Michael Yeboah

Personal information
- Date of birth: 3 May 2001 (age 24)
- Place of birth: Accra, Ghana
- Height: 5 ft 6 in (1.68 m)
- Position: Midfielder

Team information
- Current team: Las Vegas Lights (on loan from Accra Great Olympics)
- Number: 17

Youth career
- 0000–2020: Attram De Visser Soccer Academy

Senior career*
- Years: Team / Apps / (Gls)
- 2020–: Accra Great Olympics / 16 / (4)
- 2021–: → Las Vegas Lights (loan) / 12 / (0)

= Michael Yeboah =

Ghanaian footballer (born 2001)

Michael Yeboah (born 3 May 2001) is a Ghanaian professional footballer who currently plays as a midfielder for USL Championship club Las Vegas Lights FC on loan from Accra Great Olympics. He gained prominence after scoring a winning goal against Ghana Premier League giants Kumasi Asante Kotoko.

== Career ==

=== Early career ===
Yeboah played for Ghana Division Two League side Attram De Visser Soccer Academy before moving to Accra Great Olympics.

=== Great Olympics ===

==== 2020–21 season ====
Ahead of the 2020–21 Ghana Premier League season, Yeboah moved to Accra Great Olympics. He was named on the team's squad list for that season. He made his debut during the first match of the season on 15 November 2020 against Medeama SC, in the process scoring his first goal of the season in the 73rd minute after coming on as a substitute to help them salvage a 1–1 draw. On 17 December 2020, he started his first match of the season and scored the only goal in a 1–0 win against Asante Kotoko to give Kotoko their first defeat of the season. He scored by heading in a cross from club captain Gladson Awako. As part of Kotoko's sponsorship deal with Hisense, Yeboah was to receive GH₵ 5,000 for scoring a winning goal against the club. In February 2021, the company fulfilled their pledge and presented a cheque to him.

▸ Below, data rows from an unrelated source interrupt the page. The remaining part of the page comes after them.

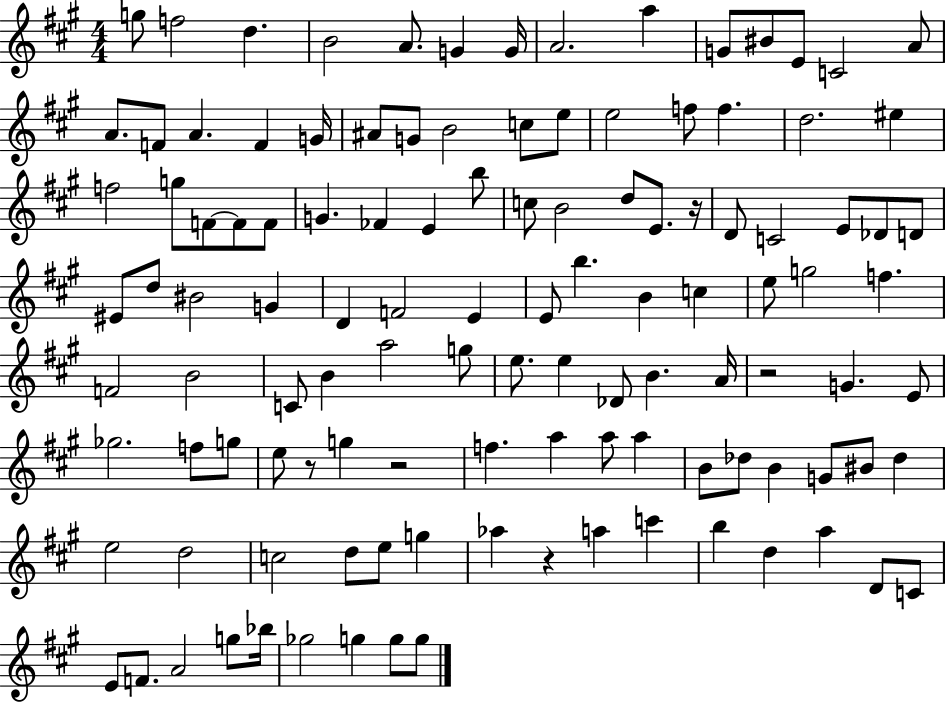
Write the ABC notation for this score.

X:1
T:Untitled
M:4/4
L:1/4
K:A
g/2 f2 d B2 A/2 G G/4 A2 a G/2 ^B/2 E/2 C2 A/2 A/2 F/2 A F G/4 ^A/2 G/2 B2 c/2 e/2 e2 f/2 f d2 ^e f2 g/2 F/2 F/2 F/2 G _F E b/2 c/2 B2 d/2 E/2 z/4 D/2 C2 E/2 _D/2 D/2 ^E/2 d/2 ^B2 G D F2 E E/2 b B c e/2 g2 f F2 B2 C/2 B a2 g/2 e/2 e _D/2 B A/4 z2 G E/2 _g2 f/2 g/2 e/2 z/2 g z2 f a a/2 a B/2 _d/2 B G/2 ^B/2 _d e2 d2 c2 d/2 e/2 g _a z a c' b d a D/2 C/2 E/2 F/2 A2 g/2 _b/4 _g2 g g/2 g/2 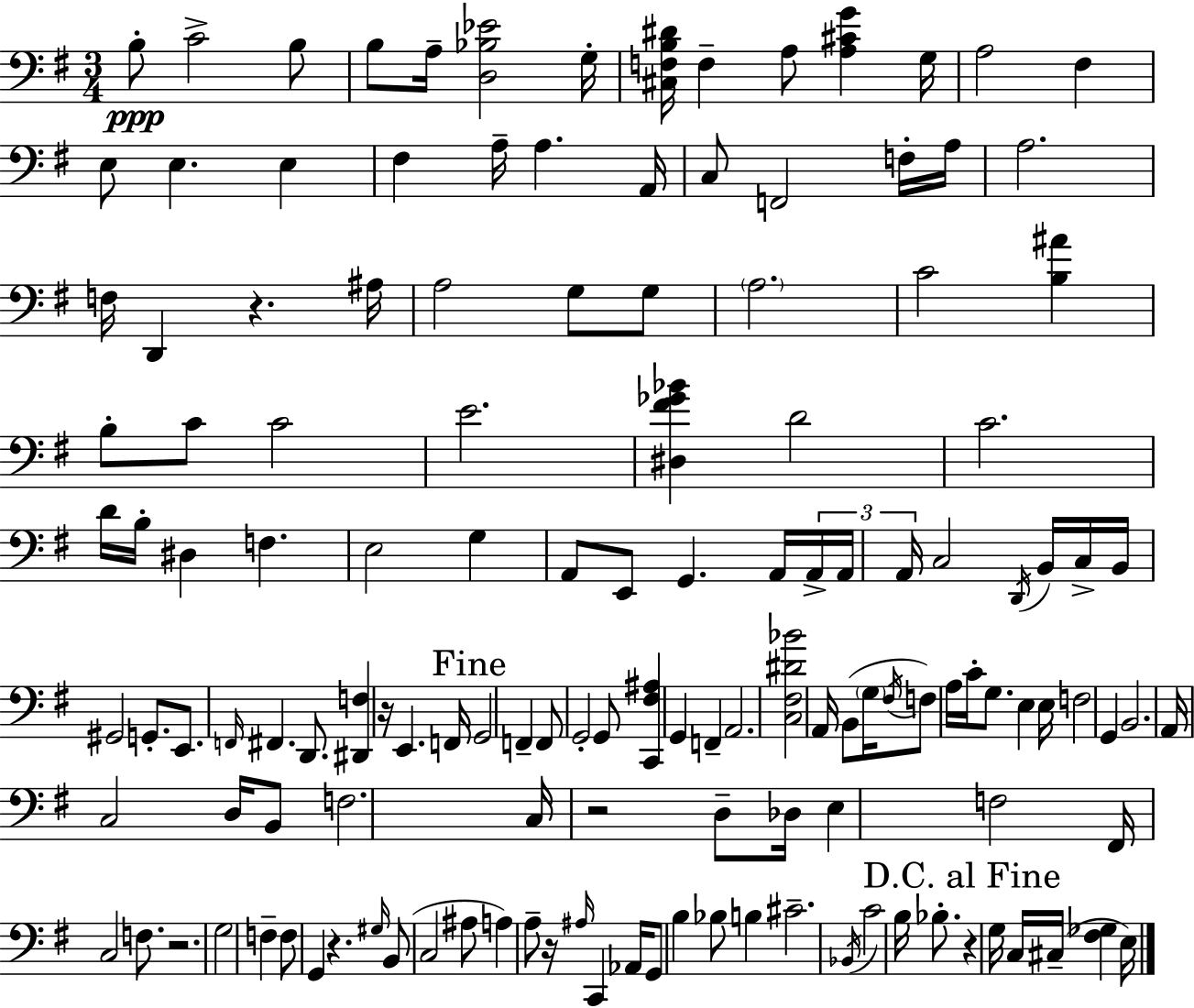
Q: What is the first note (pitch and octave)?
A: B3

On 2 February 2021, he was named man of the match after scoring a goal in a 3–1 win against King Faisal Babies. The win helped Olympics move back to 2nd place. On 26 February 2021, he scored his 4th goal of the season after scoring the only goal in a match against Berekum Chelsea.

He was nominated for the NASCO Player of the Month Award for February after scoring two goals and picking up three man of the match awards. The award was eventually won by Dreams FC striker Joseph Esso.

==== Las Vegas Lights (loan) ====
On 5 April 2021, Yeboah joined USL Championship side Las Vegas Lights FC on loan ahead of the 2021 season.